* **TASK DETAILS**
Make an exact copy of the lines from the one holding "Универсальное покрытие для" through the end of the entries below, both ends kept, and of nothing else. Exclude pictures.

Image-text web data:

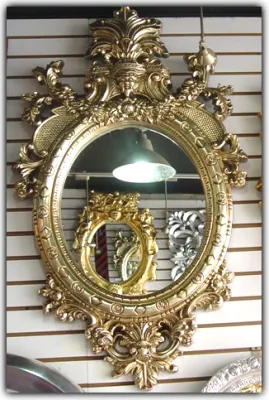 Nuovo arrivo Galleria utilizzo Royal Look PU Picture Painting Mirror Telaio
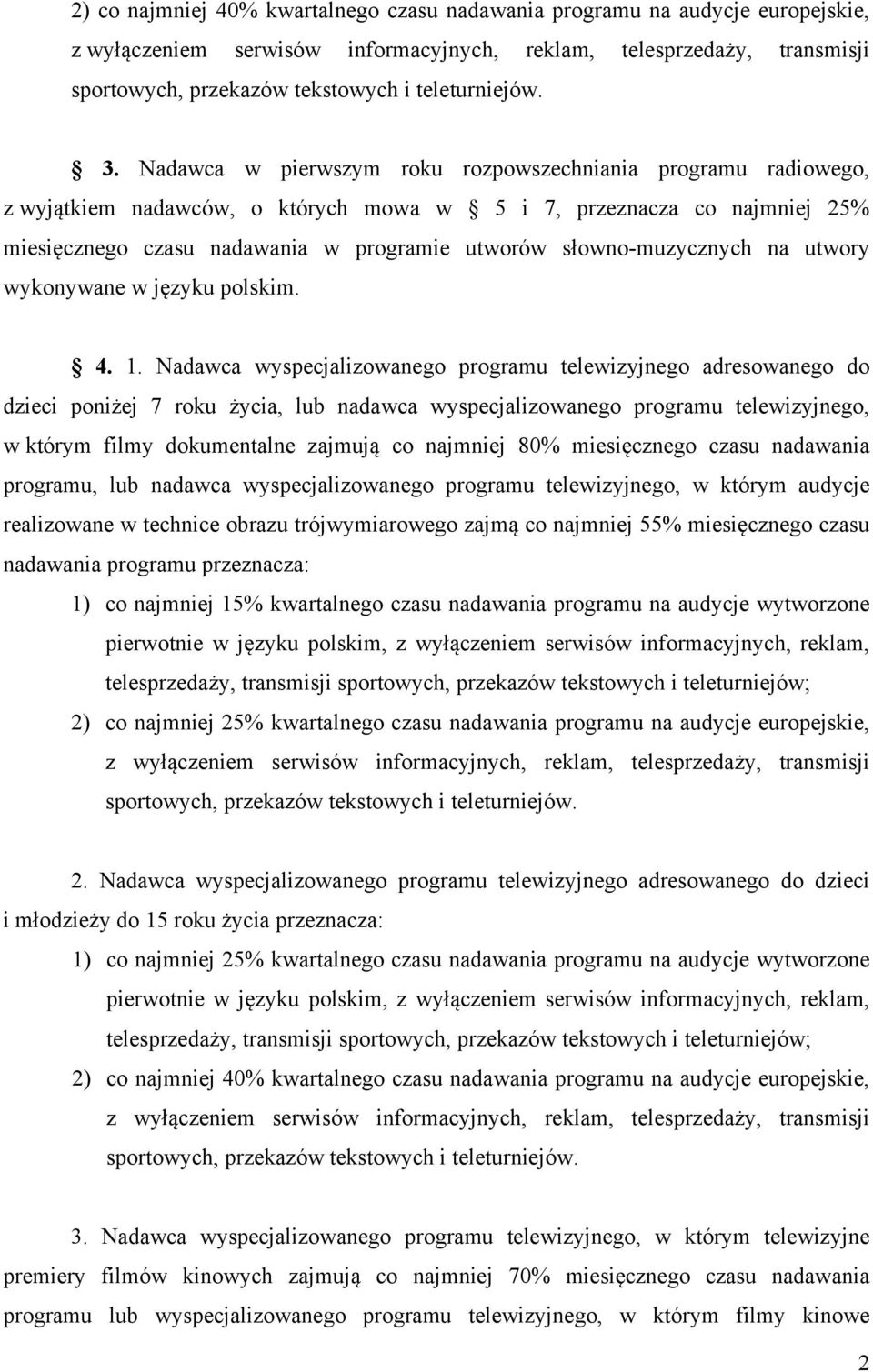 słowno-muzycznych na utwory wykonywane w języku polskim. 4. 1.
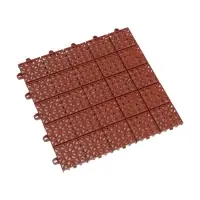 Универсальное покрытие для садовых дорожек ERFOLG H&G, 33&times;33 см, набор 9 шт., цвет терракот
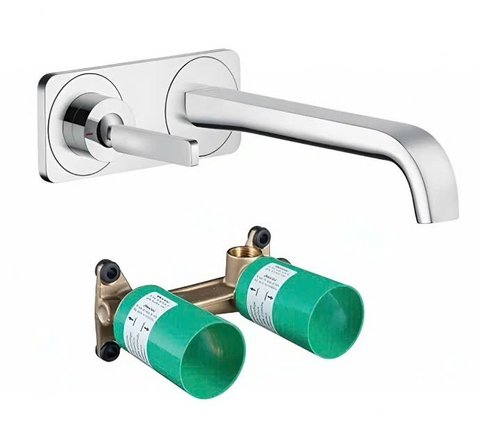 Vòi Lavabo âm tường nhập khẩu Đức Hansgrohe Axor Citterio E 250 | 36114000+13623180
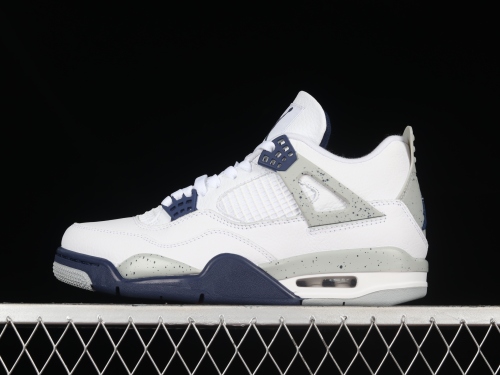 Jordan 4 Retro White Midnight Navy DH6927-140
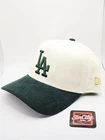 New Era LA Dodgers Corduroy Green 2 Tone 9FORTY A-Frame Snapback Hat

* **SOLUTION TO THE PROBLEM**
 Универсальное покрытие для садовых дорожек ERFOLG H&G, 33&times;33 см, набор 9 шт., цвет терракот
 Vòi Lavabo âm tường nhập khẩu Đức Hansgrohe Axor Citterio E 250 | 36114000+13623180
 Jordan 4 Retro White Midnight Navy DH6927-140
 New Era LA Dodgers Corduroy Green 2 Tone 9FORTY A-Frame Snapback Hat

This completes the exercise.